Grace Collier on the extent of union corruption
Friday, 25 October 2013
Here's some of Grace Collier's column in today's Australian Financial Review newspaper.
More focus needed on how union corruption operates
Recent investigations into corrupt union officials have revealed members’ money spent on flash houses, prostitutes and partying. A Royal Commission that dug out more examples of such behaviour might prompt a thrill of rage but it would not help solve the structural flaws that cause systemic corruption in industrial relations. It’s interesting to learn how union money is spent, but it would be more useful to discover how unions get those funds in the first place.
Back in 1975, 2000 officials were employed by unions with 3 million members whose membership dues provided a tax-free income stream.
Now 4000 officials are employed, while union membership is down to 1.8 million. So twice as many union officials now live off less than two-thirds of the membership revenue. Where is the extra money coming from? This is the important question.
An inquiry into union corruption would only be useful if it examined the myriad ways union officials ask for money, why employers agree to these requests and where all of the money is kept.

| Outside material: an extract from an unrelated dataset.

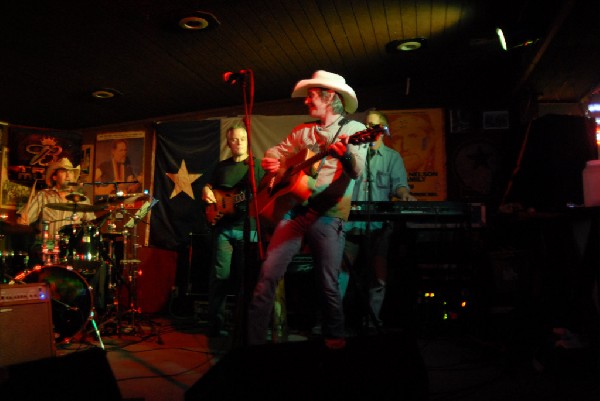 Michael Thomas at Poodies Hilltop Roadhouse, Spicewood Tx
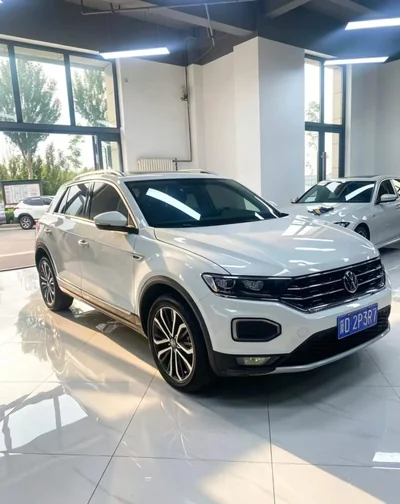 Фото 1 Volkswagen T-Roc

However, given unions and employers collude in this behaviour, they are hardly going to come forward to confess, so I don’t know how the conduct or the secret bank accounts will be discovered.
Individual union officials acting in isolation take money off people in business. Sometimes those officials sell out workers’ rights in the process. Examples I have seen include an official who gets a monthly “consultancy fee” from a business for the “right” to pay migrant workers below the award wage.
I know of another case where an annual lump sum is paid in cash to an official of a less militant union for “agreement coverage” of workers, denying the workers the legal right to join a more militant union of their preference. Money raised in these ways would not go back to the union and nor would the union know about it.
RORTS AT HIGHER LEVELS
At the branch level, union leaders seek money from bosses in other ways. A company may be asked to write a cheque to a union “charity” to guarantee a trouble-free construction site. Big companies regularly “donate” significant amounts of money to various union entities, such as “training companies” in return for a “good relationship”. A builder may “donate” an apartment to a union in return for cheaper labour, or they may pay one union in order to keep another union out.